TSS user notified TIS that they could not log into the TSS app using their credentials. They had submitted a Form R back in December 2021 and wanted to log in again to view their submitted form.


Trigger

  • User emailed TIS to say they couldn’t login to TIS Self-Service

Detection

Inspecting the user pool configuration, there were several permissions issues:

  • The user pool did not have permission to invoke the lambda

  • The lambda did not have permission to call the admin auth endpoint

  • The lambda did not have permission to call the admin get user endpoint

NOTE: A new user pool (v4) was created for the latest pilot (allowing for self-sign-up). When the user originally logged-in and submitted their Form R, they were a member of user pool v3.


Resolution

  • Resolving the above permissions results in successful lambda completion and migration of a user from prod user pool v3 to v4.


Timeline

  • Apr 11, 2022 10:00 Issue flagged-up in TSS channel. Initial checks/ assumptions user hadn’t signed-up yet so email reply sent to user advising them to sign up.

  • Apr 11, 2022 15:35 Reply flagged up in TSS channel. User had already submitted a Form R and was trying to sign in again using the same credentials.

  • Apr 11, 2022 15:35-16:40 Checks to migration process/ user pool config to try and establish the root cause.

  • Apr 11, 2022 16:45 TSS channel msg asking for email reply to be sent advising user on next steps (try logging in again, sign-up again, or wait for a fix).
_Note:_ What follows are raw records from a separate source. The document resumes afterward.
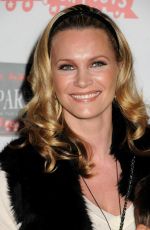 NATASHA HENSTRIDGE at Hollywood Christmas Parade 11/25/2012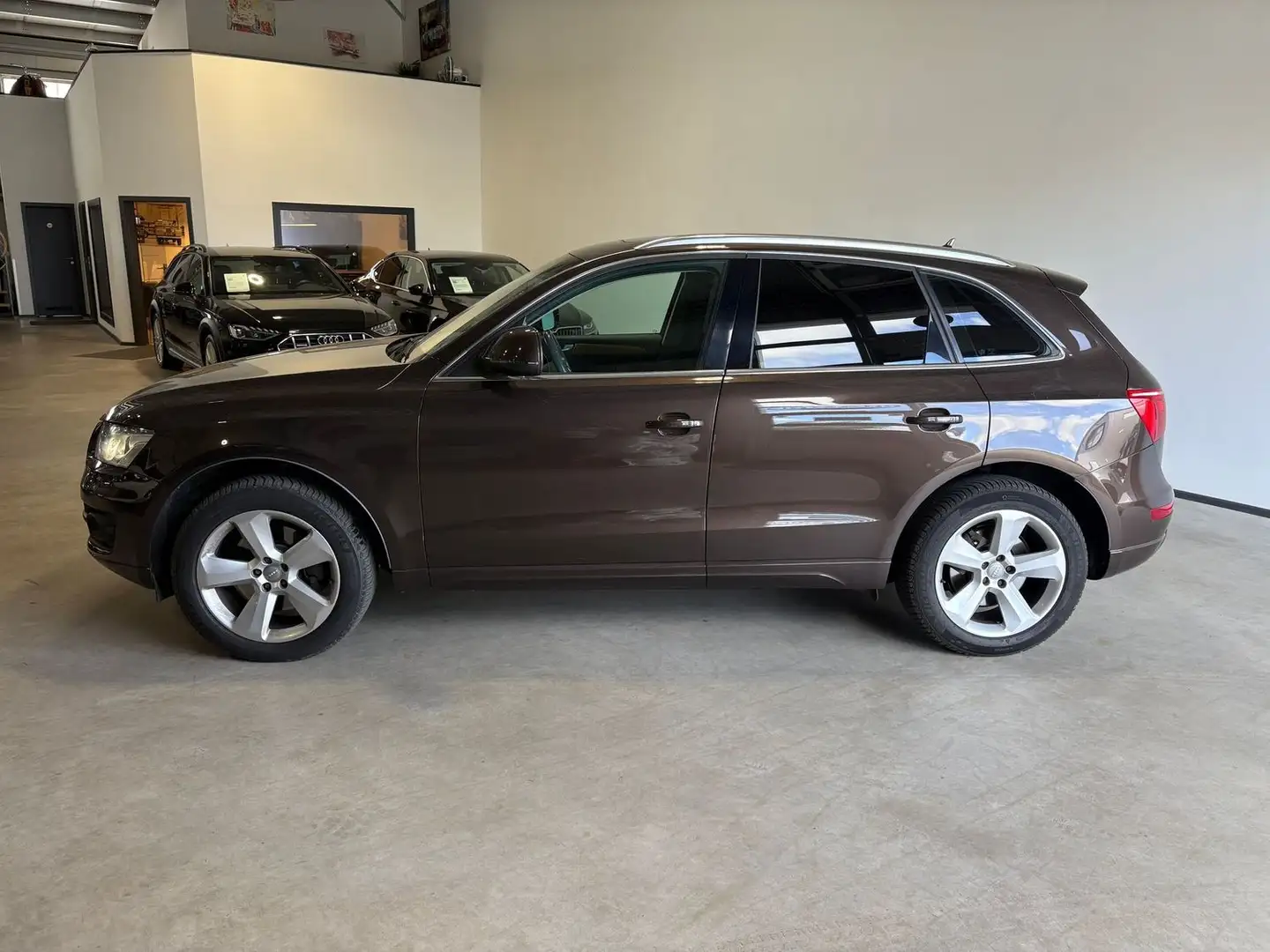 Audi Q5 3.0 TDI quattro PANO AHK VOLLLEDER Braun - 2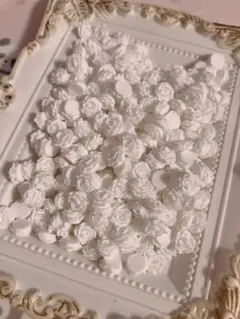 【9】柔らかい薔薇　ソフトバラ　夜光　uv変色 白　ホワイト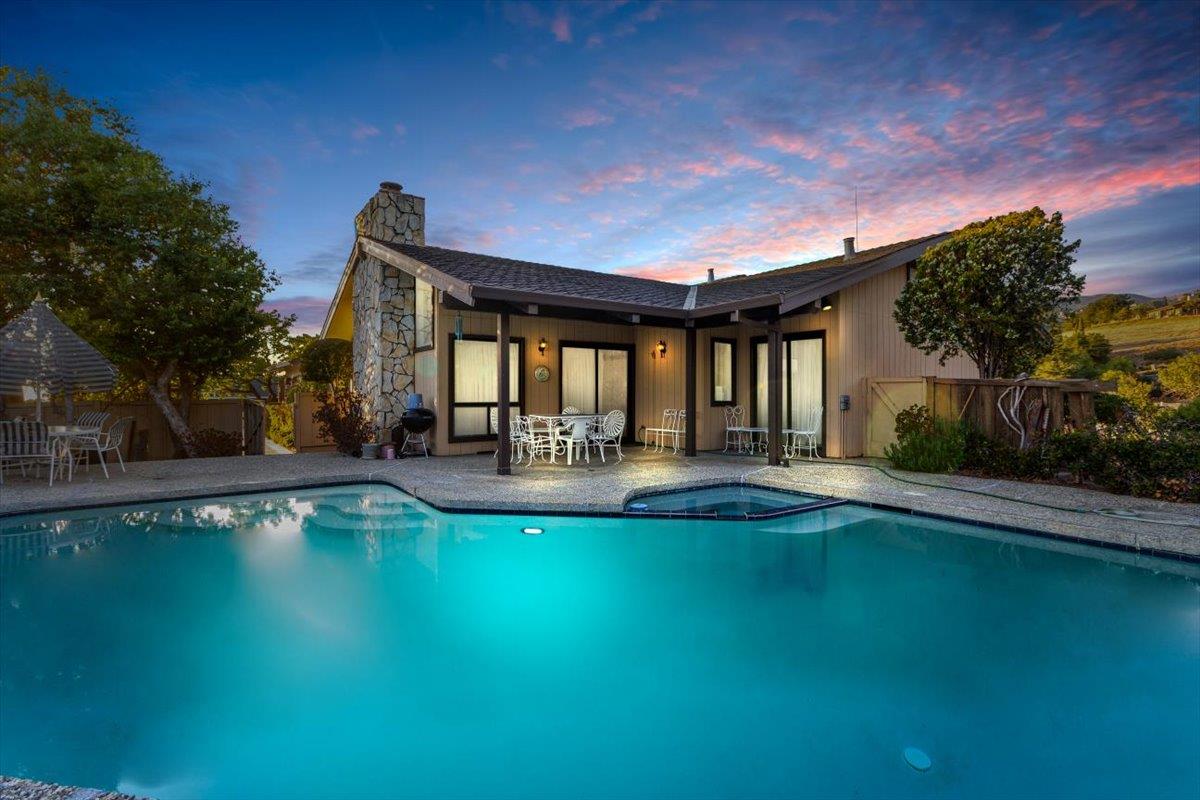 Neighborhood Neighborhood-27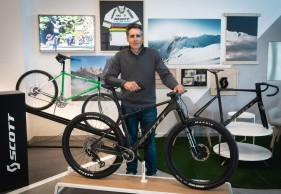 Induráin opts for hardtail mountain bikes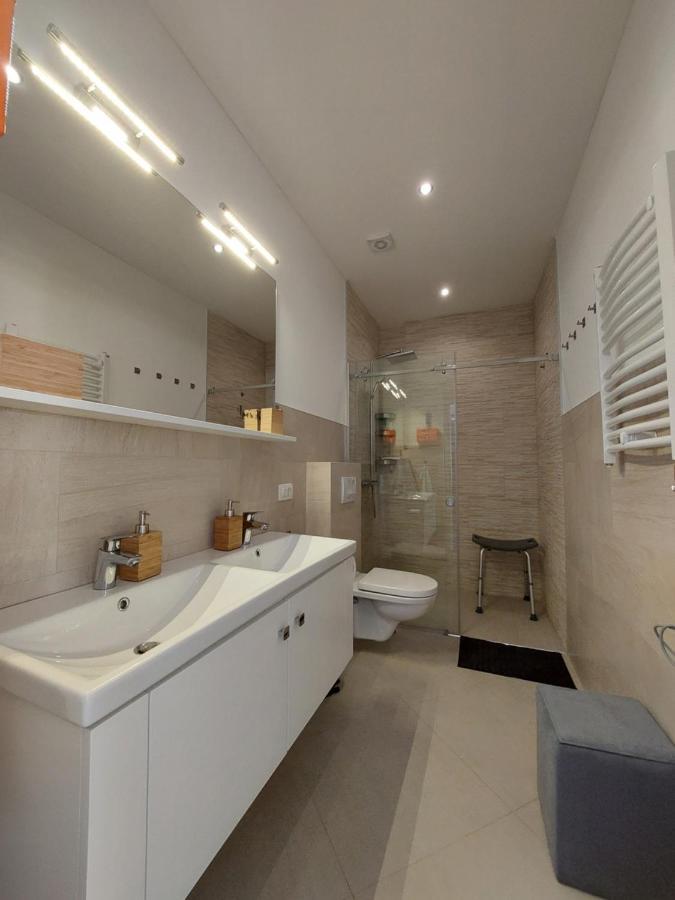 Modern Top Floor Sea View 3Br With Pools, Spa & Fitness Bečići エクステリア 写真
  • Apr 12, 2022 15:20 TSS channel msg - email from user saying they have successfully signed in.


Root Cause(s)

  • Missing permissions (see above).

    NOTE: When testing, the console login error message “incorrect username or password” (NotAuthorizedException) was not very helpful. (In this case the email and password were correct; the blocker was not having a fake profile in the the prod db which the pre-sign up lambda trigger was looking for). This is unlikely to be an issue for “real” users but might be worth seeing what ways the error msg text can more closely reflect the underlying issue.


Action Items

Action Items

Owner

Action Items

Owner

Ticket to making more helpful Cognito error messages

https://hee-tis.atlassian.net/browse/TIS21-2895

Terraform the permissions required for the TSS user pool migration lambda

https://hee-tis.atlassian.net/browse/TIS21-2896

Dev checklist for testing some common AWS processes (e.g. migration between user pools)

https://hee-tis.atlassian.net/browse/TIS21-2902


Lessons Learned

  • Probably first of its kind of request i.e. user wanting to log in again (via migration between user pools with different configs) to view submitted Form R. This is a good ‘stress test’ !

  • Reminder not to make too many assumptions (with hindsight, more clues were in the first email from user). Maybe a quick call might help to clarify things?

  • Testing the AWS processes with dummy data etc. is a bit fiddly. Maybe draw-up a checklist of things to remember?